Nouriel Roubini sees fives potential economic dangers coming our way in 2015, and believes that the combination of them could lead the global financial system into the perfect storm. The risks he outlines are: a repeat of the Eurozone crisis, a hard landing in China, a failure of Abenomics to reflate Japan, mounting geopolitical risks and global currency shock caused by the strong dollar.
Roubini sat down with Yahoo Finance to discuss some of these dangers and how they might play out.
Mounting geopolitical risks
One of the biggest surprises of 2014 is that geopolitical risks haven’t hurt markets. Roubini believes this is because central banks have been suppressing volatility, and while some banks will continue with this into 2015 the Federal Reserve and Bank of England are expected to exit their zero policy rates next year. Roubini sees conflicts becoming more exacerbated.
“So far the impacts are more economic than financial,” he explains. “The conflict between Russia and Ukraine is affecting growth and exports in Germany and throughout Europe. You don’t yet see the financial impact but you can see the real economic impact.”
Roubini believes that Putin’s popularity remains strong but that eventually the combination of sanctions inflicted on the country for its actions in Ukraine and abroad and lowering oil prices will pull Russia into a recession. This recession could lead the country to become more moderate and comply with the west and Saudi Arabia or it could drive them into an even more aggressive stance against the West. “It’s not clear what Putin’s reaction is going to be,” he says.
Beyond Russia and the Ukraine, Roubini is fearful of Ebola and cyber attacks leading to cyber wars.
China’s hard landing
“To one side there is an extreme hard landing where China’s growth slows to 3 or 4% and then there is the soft landing of the government consensus,” says Roubini. “Our view is more of a bumpy, rough landing where growth slows down to about 6% and below 6% by 2016.”

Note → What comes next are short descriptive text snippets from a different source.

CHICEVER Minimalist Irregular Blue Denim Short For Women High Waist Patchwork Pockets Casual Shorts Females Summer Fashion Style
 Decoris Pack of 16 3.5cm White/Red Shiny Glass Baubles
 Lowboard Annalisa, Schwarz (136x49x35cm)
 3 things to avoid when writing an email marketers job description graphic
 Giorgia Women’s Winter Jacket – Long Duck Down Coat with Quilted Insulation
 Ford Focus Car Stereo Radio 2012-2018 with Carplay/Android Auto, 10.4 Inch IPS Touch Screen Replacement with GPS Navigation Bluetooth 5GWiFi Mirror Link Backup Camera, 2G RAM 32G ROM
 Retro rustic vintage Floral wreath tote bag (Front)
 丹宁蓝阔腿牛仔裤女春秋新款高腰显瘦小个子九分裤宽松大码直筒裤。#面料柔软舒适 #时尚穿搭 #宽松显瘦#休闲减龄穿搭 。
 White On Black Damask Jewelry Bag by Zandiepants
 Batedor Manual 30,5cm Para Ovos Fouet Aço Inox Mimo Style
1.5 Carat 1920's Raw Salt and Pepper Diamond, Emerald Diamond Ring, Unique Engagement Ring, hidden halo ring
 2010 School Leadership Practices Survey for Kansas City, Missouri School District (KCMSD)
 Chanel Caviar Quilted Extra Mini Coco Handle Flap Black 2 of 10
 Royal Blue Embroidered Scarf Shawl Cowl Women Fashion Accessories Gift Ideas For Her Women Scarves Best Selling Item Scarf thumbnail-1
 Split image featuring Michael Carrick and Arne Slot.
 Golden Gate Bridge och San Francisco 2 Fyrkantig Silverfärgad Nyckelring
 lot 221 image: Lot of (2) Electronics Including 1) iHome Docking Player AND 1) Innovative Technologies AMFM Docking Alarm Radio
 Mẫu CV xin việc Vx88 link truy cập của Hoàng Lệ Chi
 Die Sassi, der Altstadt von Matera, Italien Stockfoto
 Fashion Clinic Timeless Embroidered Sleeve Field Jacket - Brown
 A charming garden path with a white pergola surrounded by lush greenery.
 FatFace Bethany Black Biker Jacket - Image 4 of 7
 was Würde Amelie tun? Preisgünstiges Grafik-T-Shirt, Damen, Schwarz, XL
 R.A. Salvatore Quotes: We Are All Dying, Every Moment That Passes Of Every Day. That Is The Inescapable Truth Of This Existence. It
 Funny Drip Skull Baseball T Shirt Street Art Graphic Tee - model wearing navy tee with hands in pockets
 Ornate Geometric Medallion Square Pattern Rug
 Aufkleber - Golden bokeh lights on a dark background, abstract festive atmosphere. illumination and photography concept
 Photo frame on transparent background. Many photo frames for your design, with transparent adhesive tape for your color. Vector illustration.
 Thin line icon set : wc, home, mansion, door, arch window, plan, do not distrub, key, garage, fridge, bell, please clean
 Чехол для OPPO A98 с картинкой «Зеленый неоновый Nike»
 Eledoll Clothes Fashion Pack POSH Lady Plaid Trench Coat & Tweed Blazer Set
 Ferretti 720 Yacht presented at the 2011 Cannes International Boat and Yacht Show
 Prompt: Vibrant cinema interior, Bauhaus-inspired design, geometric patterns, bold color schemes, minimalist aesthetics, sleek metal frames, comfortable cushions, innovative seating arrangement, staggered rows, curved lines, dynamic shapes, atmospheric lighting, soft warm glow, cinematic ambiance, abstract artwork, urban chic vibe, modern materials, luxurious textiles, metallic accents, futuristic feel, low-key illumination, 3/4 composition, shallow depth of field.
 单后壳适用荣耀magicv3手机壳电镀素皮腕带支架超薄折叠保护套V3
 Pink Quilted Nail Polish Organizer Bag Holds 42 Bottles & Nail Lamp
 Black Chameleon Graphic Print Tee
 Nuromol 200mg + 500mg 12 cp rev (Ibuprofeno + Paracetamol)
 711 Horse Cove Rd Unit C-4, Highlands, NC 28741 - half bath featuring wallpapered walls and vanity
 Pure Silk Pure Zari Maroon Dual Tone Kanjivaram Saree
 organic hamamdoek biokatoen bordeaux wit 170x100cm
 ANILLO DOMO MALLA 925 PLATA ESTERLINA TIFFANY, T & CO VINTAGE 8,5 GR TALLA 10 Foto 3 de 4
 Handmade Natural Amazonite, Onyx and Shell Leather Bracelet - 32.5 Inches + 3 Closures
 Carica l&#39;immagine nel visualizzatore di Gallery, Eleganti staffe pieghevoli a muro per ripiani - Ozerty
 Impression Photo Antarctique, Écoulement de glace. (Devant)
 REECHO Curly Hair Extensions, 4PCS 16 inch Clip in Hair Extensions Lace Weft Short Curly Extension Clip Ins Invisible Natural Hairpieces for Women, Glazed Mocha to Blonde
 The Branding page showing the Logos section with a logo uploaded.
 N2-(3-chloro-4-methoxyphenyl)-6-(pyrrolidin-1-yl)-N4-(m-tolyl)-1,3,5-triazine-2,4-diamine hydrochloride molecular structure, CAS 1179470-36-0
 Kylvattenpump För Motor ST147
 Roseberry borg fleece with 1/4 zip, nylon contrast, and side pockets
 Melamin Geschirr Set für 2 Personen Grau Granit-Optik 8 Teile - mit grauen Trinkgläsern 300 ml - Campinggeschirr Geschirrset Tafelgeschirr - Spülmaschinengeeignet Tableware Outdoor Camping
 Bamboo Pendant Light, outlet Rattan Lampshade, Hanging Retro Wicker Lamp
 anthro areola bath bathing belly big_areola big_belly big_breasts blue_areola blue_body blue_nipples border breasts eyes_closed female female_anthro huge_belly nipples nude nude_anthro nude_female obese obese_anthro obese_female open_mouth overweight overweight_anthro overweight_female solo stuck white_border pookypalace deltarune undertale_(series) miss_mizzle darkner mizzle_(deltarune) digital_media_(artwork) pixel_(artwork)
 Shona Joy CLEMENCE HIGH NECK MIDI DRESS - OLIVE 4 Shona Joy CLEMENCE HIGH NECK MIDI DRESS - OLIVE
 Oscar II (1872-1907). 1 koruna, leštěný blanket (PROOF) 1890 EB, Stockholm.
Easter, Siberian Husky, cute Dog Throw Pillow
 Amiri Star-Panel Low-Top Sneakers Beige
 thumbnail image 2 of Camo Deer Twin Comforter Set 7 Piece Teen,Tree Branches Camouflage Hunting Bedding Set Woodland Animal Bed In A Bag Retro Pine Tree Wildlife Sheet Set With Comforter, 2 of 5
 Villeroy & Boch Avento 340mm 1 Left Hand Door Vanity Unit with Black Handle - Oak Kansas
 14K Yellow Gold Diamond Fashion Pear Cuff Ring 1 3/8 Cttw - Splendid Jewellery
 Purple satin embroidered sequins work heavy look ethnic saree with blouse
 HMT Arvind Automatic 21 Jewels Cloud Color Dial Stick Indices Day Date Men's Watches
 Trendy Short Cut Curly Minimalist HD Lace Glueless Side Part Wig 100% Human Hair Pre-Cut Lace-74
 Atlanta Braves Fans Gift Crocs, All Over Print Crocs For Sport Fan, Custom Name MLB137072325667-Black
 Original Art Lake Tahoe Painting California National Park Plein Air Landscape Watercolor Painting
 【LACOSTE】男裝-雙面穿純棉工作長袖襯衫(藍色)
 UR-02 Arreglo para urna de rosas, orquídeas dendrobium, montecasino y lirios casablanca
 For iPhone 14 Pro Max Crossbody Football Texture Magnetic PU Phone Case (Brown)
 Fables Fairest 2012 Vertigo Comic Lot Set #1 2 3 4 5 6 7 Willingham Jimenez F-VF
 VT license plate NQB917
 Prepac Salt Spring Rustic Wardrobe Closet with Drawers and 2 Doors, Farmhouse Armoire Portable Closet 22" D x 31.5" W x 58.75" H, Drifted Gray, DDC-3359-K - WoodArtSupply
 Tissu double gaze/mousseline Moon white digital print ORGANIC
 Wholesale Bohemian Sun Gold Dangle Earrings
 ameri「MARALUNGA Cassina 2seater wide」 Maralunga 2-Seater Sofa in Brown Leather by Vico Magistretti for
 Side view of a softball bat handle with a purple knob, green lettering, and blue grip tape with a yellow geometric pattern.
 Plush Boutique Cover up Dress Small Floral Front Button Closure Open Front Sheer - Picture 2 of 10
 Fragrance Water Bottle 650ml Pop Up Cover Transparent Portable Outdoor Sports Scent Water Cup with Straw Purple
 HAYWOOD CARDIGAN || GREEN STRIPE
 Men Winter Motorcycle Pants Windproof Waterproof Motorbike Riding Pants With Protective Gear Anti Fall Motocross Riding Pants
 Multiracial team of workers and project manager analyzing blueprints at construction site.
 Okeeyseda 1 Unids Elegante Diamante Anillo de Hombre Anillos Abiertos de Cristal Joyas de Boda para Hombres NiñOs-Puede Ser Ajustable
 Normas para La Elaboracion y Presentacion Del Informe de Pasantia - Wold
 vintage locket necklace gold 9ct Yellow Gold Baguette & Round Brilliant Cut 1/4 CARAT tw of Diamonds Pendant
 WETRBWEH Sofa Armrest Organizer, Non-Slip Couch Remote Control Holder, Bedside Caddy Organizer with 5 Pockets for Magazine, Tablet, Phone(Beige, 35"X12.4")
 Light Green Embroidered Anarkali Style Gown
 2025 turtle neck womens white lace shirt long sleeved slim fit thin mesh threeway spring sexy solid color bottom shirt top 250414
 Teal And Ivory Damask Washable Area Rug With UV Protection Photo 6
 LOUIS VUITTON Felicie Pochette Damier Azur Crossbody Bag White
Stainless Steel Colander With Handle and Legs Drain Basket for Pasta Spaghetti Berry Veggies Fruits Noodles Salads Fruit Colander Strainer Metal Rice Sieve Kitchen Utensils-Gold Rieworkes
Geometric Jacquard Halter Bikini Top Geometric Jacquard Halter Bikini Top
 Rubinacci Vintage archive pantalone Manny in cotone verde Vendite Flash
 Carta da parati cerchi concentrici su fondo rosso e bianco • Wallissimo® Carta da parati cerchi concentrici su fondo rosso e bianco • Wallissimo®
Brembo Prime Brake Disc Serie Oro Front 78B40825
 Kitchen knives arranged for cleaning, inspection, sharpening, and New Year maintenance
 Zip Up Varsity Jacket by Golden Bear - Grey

The landing Roubini predicts isn’t hard per say but it still has large implications for China, commodities, equities in Asia and for emerging markets. “When China sneezes the rest of the world catches a cold at this point,” he says.
Roubini predicts that global growth will increase slightly next year. He sees growth in developed economies mediocre but within emerging markets things will be very stratified—some will remain fragile (China and much of Asia), but others will do very well. “Those that are benefiting from being importers and those that aren’t linked to China and instead to the United States,” he says. He singles out India, Indonesia and Mexico as nations that will see vast growth.